#### INFORMATION SHOWN:
-------

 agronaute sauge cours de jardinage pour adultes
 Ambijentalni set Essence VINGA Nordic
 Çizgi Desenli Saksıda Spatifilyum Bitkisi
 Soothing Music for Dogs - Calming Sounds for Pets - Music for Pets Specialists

-------

#### REQUIREMENT:
Reproduce the listing above verbatim, from first line to last.

#### SOLUTION BELOW:
 agronaute sauge cours de jardinage pour adultes
 Ambijentalni set Essence VINGA Nordic
 Çizgi Desenli Saksıda Spatifilyum Bitkisi
 Soothing Music for Dogs - Calming Sounds for Pets - Music for Pets Specialists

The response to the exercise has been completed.